- **ABOUT THIS EXERCISE**
Would you copy out, exactly as written, each line from the one containing "TORONTO, ON - SEPTEMBER" to the end of the records below?

(Data extracted from a collection)

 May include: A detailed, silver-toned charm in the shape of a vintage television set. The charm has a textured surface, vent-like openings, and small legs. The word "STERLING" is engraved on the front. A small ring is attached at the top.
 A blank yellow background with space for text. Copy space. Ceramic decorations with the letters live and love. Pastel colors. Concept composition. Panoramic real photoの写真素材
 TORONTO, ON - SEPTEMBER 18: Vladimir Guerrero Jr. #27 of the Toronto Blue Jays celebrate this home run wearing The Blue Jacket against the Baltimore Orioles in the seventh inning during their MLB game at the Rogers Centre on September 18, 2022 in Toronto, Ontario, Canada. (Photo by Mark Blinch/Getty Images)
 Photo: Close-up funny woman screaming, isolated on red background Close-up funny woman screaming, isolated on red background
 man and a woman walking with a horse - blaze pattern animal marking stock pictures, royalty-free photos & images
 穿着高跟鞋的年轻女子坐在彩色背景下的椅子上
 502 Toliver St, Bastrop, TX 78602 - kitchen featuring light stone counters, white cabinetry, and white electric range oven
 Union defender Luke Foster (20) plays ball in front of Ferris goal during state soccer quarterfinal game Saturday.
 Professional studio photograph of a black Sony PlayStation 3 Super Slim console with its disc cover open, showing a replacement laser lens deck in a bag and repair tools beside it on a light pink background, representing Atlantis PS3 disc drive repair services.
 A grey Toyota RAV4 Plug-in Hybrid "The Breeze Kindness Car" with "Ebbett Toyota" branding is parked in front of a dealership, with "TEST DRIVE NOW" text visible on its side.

- **RESULT**
 TORONTO, ON - SEPTEMBER 18: Vladimir Guerrero Jr. #27 of the Toronto Blue Jays celebrate this home run wearing The Blue Jacket against the Baltimore Orioles in the seventh inning during their MLB game at the Rogers Centre on September 18, 2022 in Toronto, Ontario, Canada. (Photo by Mark Blinch/Getty Images)
 Photo: Close-up funny woman screaming, isolated on red background Close-up funny woman screaming, isolated on red background
 man and a woman walking with a horse - blaze pattern animal marking stock pictures, royalty-free photos & images
 穿着高跟鞋的年轻女子坐在彩色背景下的椅子上
 502 Toliver St, Bastrop, TX 78602 - kitchen featuring light stone counters, white cabinetry, and white electric range oven
 Union defender Luke Foster (20) plays ball in front of Ferris goal during state soccer quarterfinal game Saturday.
 Professional studio photograph of a black Sony PlayStation 3 Super Slim console with its disc cover open, showing a replacement laser lens deck in a bag and repair tools beside it on a light pink background, representing Atlantis PS3 disc drive repair services.
 A grey Toyota RAV4 Plug-in Hybrid "The Breeze Kindness Car" with "Ebbett Toyota" branding is parked in front of a dealership, with "TEST DRIVE NOW" text visible on its side.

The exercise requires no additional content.